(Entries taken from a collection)
+++

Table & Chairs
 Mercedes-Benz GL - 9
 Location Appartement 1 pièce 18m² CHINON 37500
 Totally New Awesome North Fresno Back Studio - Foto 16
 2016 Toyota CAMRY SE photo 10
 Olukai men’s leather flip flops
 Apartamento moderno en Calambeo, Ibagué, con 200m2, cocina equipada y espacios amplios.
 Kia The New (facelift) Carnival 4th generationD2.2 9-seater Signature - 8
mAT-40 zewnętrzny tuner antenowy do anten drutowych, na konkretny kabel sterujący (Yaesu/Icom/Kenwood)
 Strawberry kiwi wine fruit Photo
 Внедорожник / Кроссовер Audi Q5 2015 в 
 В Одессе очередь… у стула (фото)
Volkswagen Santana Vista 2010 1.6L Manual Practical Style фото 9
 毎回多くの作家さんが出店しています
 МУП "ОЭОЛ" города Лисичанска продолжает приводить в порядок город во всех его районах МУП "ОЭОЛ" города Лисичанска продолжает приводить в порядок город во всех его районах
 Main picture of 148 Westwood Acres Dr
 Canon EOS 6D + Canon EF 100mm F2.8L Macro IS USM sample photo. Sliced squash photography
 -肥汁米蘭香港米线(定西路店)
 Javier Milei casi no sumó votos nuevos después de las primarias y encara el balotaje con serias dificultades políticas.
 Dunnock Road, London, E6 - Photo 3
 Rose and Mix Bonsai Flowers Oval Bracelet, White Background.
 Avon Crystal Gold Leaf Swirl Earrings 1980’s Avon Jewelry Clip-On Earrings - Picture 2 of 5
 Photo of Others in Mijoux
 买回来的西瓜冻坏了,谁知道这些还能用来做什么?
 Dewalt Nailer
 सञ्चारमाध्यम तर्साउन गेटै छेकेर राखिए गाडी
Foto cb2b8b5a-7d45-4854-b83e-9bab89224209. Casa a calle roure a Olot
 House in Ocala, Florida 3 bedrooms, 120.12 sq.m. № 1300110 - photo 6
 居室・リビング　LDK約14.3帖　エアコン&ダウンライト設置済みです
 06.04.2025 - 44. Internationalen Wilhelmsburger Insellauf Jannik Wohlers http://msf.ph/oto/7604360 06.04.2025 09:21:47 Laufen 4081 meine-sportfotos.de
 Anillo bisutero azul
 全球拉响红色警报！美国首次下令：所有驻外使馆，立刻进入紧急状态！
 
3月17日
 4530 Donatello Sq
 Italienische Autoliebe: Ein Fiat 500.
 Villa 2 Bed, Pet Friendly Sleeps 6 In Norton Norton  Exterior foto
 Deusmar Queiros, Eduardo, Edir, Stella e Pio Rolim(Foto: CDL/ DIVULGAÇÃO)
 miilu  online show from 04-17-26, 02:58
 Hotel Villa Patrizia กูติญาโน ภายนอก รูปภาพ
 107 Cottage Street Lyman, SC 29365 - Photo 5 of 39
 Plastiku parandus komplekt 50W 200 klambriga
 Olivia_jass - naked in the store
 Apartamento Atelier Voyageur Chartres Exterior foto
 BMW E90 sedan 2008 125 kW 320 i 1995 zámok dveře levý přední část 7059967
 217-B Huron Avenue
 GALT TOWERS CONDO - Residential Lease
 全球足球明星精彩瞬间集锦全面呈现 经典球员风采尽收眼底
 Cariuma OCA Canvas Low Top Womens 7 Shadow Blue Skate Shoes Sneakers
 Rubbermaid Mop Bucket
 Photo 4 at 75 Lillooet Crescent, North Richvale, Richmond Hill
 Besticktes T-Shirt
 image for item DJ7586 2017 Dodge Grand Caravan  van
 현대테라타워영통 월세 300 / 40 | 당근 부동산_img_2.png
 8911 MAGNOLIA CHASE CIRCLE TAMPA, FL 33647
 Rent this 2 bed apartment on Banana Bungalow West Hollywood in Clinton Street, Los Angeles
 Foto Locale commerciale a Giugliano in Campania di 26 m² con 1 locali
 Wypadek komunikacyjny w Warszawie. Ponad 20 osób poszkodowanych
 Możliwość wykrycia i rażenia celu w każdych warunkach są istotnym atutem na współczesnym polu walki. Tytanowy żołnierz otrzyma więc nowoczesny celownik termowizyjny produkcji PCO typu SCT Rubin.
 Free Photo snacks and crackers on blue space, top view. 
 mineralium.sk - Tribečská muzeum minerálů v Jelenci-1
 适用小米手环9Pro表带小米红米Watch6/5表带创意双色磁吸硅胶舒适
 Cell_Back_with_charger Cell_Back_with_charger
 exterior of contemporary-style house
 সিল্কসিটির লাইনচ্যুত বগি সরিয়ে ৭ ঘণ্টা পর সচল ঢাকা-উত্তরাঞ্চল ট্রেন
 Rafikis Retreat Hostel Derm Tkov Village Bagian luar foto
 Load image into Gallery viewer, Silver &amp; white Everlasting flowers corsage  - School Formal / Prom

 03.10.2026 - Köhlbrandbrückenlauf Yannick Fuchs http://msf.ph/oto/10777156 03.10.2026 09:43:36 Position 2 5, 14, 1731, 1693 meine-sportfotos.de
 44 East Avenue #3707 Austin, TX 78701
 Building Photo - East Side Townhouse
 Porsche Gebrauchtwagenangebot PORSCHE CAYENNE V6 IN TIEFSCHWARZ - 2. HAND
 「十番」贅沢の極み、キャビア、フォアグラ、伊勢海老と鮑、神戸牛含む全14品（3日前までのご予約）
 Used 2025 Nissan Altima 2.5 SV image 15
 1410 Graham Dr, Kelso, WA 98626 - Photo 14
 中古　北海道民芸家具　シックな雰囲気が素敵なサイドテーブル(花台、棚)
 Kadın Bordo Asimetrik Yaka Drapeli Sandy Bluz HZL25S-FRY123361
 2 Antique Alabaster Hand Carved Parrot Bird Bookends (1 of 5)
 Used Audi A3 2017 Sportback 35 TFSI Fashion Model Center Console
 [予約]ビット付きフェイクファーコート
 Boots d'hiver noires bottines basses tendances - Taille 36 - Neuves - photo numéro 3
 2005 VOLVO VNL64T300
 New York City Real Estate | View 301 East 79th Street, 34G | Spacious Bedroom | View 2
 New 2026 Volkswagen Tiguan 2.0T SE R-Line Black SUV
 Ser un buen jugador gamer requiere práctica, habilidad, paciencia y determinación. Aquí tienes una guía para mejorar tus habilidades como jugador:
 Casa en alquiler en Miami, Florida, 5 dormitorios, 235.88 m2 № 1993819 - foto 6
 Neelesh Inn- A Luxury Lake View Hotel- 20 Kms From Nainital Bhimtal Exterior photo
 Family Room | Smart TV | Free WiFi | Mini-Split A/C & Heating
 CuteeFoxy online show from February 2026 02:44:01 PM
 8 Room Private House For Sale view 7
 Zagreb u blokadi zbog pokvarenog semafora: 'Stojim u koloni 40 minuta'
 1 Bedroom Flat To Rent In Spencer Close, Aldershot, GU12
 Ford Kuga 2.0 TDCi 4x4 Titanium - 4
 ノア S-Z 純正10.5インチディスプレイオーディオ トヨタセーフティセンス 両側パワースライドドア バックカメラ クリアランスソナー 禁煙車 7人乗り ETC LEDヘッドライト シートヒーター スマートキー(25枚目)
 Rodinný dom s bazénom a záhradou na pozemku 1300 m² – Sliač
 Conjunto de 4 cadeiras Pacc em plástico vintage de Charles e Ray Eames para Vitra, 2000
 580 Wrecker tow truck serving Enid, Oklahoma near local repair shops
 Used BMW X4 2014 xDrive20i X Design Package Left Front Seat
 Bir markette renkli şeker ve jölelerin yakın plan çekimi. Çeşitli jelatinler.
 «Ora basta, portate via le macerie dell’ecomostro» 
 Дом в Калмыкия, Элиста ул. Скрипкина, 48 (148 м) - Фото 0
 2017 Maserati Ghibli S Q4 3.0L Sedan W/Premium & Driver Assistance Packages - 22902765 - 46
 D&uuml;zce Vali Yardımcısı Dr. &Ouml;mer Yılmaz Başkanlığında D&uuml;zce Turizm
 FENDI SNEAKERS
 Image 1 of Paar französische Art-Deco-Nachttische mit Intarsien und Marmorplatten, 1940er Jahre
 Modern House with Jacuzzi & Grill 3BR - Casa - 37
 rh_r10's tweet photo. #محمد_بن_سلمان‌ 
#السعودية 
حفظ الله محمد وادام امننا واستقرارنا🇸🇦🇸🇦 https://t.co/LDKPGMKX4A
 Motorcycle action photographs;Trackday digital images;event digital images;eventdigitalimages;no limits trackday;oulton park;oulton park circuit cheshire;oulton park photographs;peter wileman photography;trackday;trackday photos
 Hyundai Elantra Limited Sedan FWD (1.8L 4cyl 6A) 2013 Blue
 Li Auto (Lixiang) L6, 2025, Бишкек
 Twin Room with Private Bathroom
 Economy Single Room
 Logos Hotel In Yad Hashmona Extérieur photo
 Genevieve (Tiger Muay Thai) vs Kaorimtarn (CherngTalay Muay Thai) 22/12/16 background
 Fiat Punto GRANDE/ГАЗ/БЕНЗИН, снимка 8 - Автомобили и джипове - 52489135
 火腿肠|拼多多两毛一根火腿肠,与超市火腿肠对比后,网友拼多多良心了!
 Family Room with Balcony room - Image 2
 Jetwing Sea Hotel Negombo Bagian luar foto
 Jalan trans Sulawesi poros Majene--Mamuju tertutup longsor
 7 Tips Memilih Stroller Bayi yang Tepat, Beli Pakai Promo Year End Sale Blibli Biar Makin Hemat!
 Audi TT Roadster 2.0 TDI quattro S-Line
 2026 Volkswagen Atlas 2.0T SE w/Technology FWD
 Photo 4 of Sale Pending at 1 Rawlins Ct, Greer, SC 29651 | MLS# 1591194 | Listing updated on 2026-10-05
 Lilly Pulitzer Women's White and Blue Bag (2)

+++

Of all the entries above, repeat only the lines from the line that has "Family Room |" to the line that has "ノア S-Z 純正10.5インチディスプレイオーディオ", both lines included, exactly.

(Response below):
 Family Room | Smart TV | Free WiFi | Mini-Split A/C & Heating
 CuteeFoxy online show from February 2026 02:44:01 PM
 8 Room Private House For Sale view 7
 Zagreb u blokadi zbog pokvarenog semafora: 'Stojim u koloni 40 minuta'
 1 Bedroom Flat To Rent In Spencer Close, Aldershot, GU12
 Ford Kuga 2.0 TDCi 4x4 Titanium - 4
 ノア S-Z 純正10.5インチディスプレイオーディオ トヨタセーフティセンス 両側パワースライドドア バックカメラ クリアランスソナー 禁煙車 7人乗り ETC LEDヘッドライト シートヒーター スマートキー(25枚目)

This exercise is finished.